The current implementation of SURE-SENSE with two-dimensional acceleration is performed using an iterative conjugate gradient algorithm, which might not be optimal in terms of reconstruction time, but which represents a practical solution to the computationally intensive inverse problem. Faster reconstruction can be accomplished using direct inversion methods similar to the non-iterative approach for non-Cartesian parallel MRI as described in Ying et al. (2005). Experiments that consist of series of images such as fMRI and MRSI represent the real bottleneck in reconstruction time, since several SURE-SENSE reconstructions need to be performed sequentially. Parallel computing can be used to substantially reduce the total reconstruction time since each individual reconstruction is parallelizable.
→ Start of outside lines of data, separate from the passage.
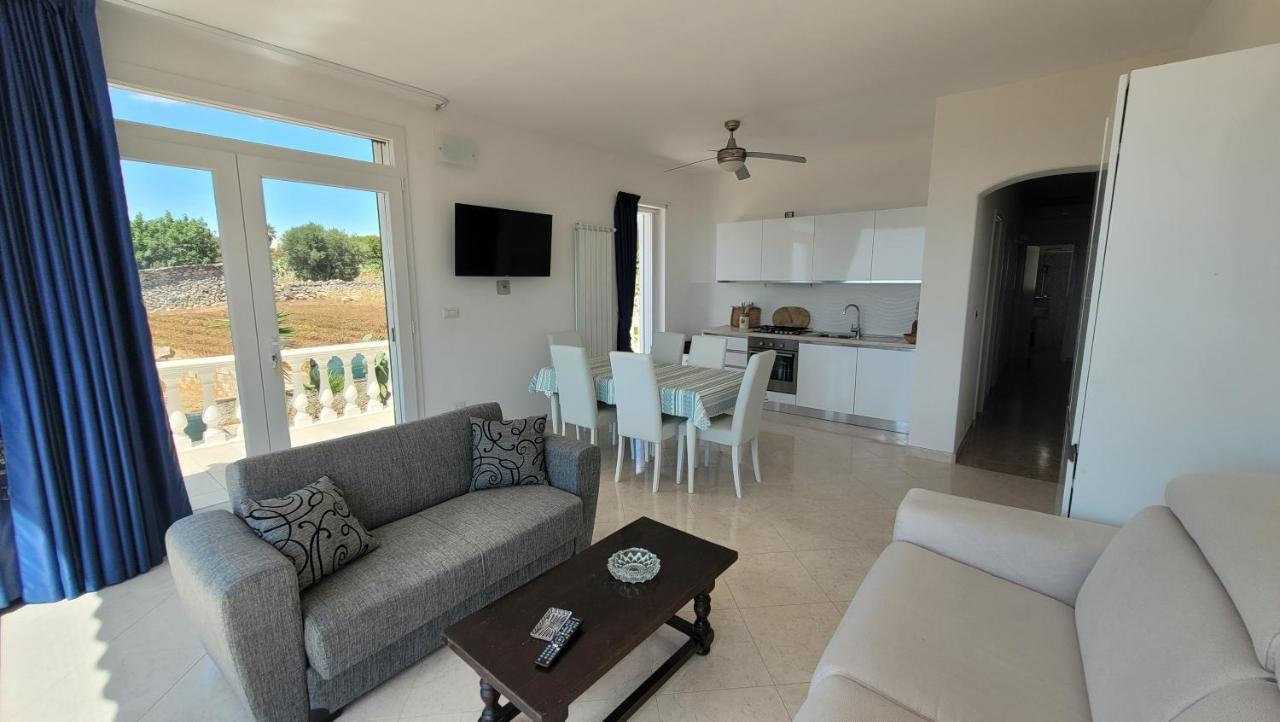 Villa Felloniche Santa Maria di Leuca Kültér fotó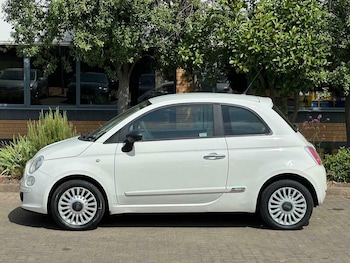 Used Fiat 500 2008 for sale - 79547892: Photo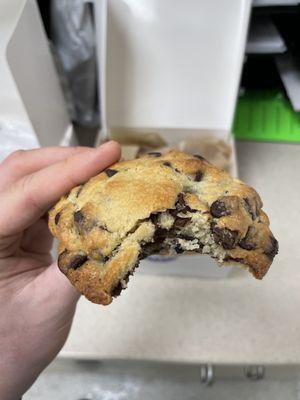 Plant-Based Chocolate Chip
In conclusion, SURE-SENSE represents a novel alternative to standard SENSE particularly for accelerating imaging applications which use intrinsically low spatial resolution and echo-planar trajectories. Future work will characterize the optimal operation regimes of the method with respect to target spatial resolution, array geometry and number of receiver elements, and will explore implementation at 7 T to improve the tradeoff between spatial and temporal resolution.
This study was supported by National Institutes of Health Grants R01 HD040712, R01 NS037462, R01 EB000790-04, P41 RR14075, R01 EB002618-01, R21 EB007298, R01 EB002468, the Mental Illness and Neuroscience Discovery Institute (MIND), the Ibero-American Science and Technology Education Consortium (ISTEC), the Electrical and Computer Engineering Department of the University of New Mexico, NHRI-EX97-9715EC (National Health Research Institute, Taiwan), NSC 97-2320-B-002-058 (National Science Council, Taiwan), and NSC 97-2221-E-002-005 (National Science Council, Taiwan). We thank Lawrence Wald (Massachusetts General Hospital) for helpful discussions and technical support and Pierre-Gilles Henry (University of Minnesota) for the simulation of basis sets.